[Date Prev][Date Next] [Thread Prev][Thread Next] [Date Index] [Thread Index]

Re: Lenny, apt(titude), dependency issues, seg faults and corrupted .DEB packages



On Sat, 15 Nov 2008, Mark Allums wrote:
>>>>> Memtest86+ is a GPL'd memory testing suite that should work with
>>>>> anything in the i386-amd64 family.
>>>> Yeah, but it's not actually that good at testing memory.
>>>  Do you have a reference for that?

I do.  We never trust memtest negatives unless it has been running for over
48H, we have seen several false negatives.

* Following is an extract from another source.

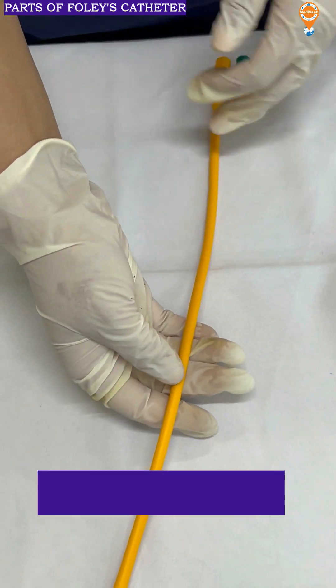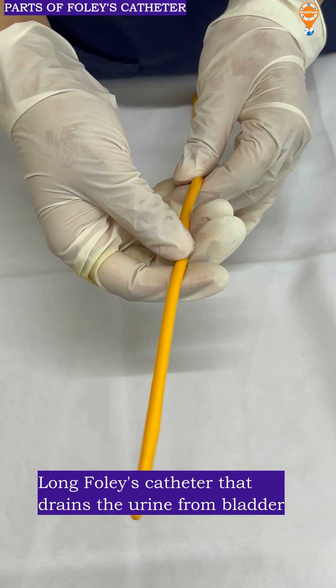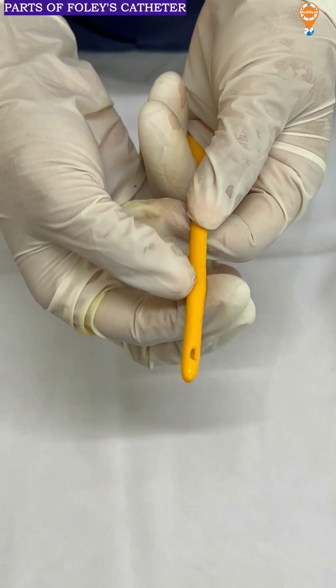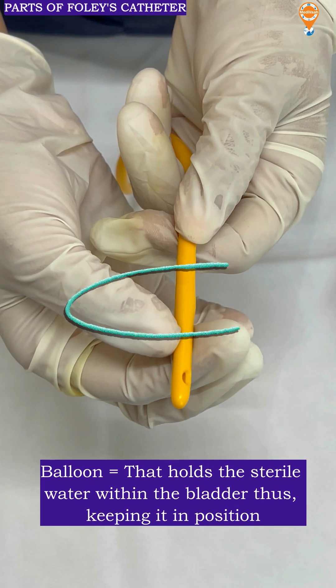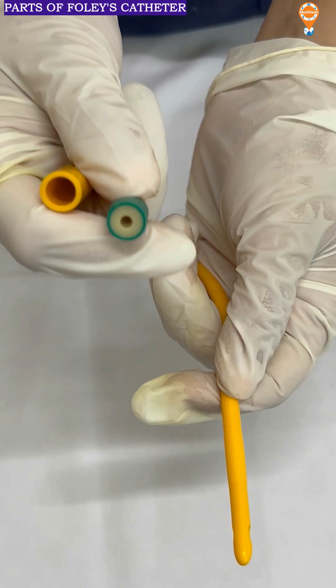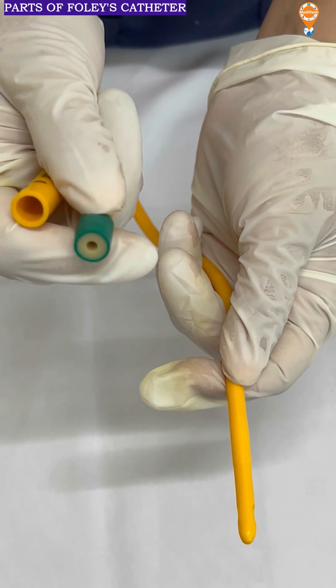This is a Foley's catheter. According to the size of the urethra, the catheter is being inserted. Here a small bulge is there — which we will be showing in our upcoming videos — where there is a balloon present. This balloon inflates as we push in 10 cc of sterile water inside.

And I have never seen it manage to flag an error on ECC systems.  I am not
really sure it knows how to deal with every memory controller in use on
servers out there, or that it DOES know how to talk right to, say, a i82875
like the one in my desktop.

False positives, OTOH, are unknown of.  If it says memory is bad, memory IS
bad.  Of course, it could be bad for a number of reasons, of which a bad
memory chip in the module is only the most likely.  We have seen it happen
due to problems in peripherals that were screwing up with the DC power
lines, and due to PSUs (for the same reason).

>> Nope.  I also can't find one after a bit of googling.  I seem to 
>> remember that there were two or 3 people on gentoo-user that were able 
>> to find memory errors with a perl script that memtest86 couldn't find.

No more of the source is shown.